Knowing that:
$$X = B(N, P)$$ $$P = \frac{1}{2}$$ $$N = ODD$$
Essentially, knowing that X is a binomial distribution with parameters of [P = $\frac{1}{2}$, N = Any Odd Number], I also know that $$Y\space = \space X \mod 2$$
Knowing this information, I'm trying to go about calculating: $$P(Y = 1)$$
From an intuitive sense, I believe the answer should be $\frac{2}{3}$ simply because, if there are N trials, and N is an odd number, it's easy to assume that 2 out of the 3 numbers would be odd, satisfying that $X \mod 2 = 1$. From a mathetmical standpoint, I was thinking of doing:
$$P(Y = 1) = \sum_{n=1}^{\infty} {n \choose 1}\cdot \frac12\cdot(1-\frac12)$$
I understand my summation is wrong; however, I cannot think of what logic to use when coming up with this equation.
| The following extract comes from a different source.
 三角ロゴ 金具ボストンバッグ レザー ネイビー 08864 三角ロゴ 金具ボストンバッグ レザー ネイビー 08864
Imagine tossing a coin once. Can you see that the probability of getting zero heads is equal to the probability of getting one head? So what is the probability of getting an odd number of heads when you toss the coin once?
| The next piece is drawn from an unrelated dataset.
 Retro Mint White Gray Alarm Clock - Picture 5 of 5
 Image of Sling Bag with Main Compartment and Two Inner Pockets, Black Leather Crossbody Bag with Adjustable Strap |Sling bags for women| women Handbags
Now imagine tossing a coin three times. Can you see that the probability of getting zero heads is equal to the probability of getting three heads? And can you see that the probability of getting one head is equal to the probability of getting two heads? So what is the probability of getting an odd number of heads when you toss the coin three times?
Now imagine tossing a coin five times...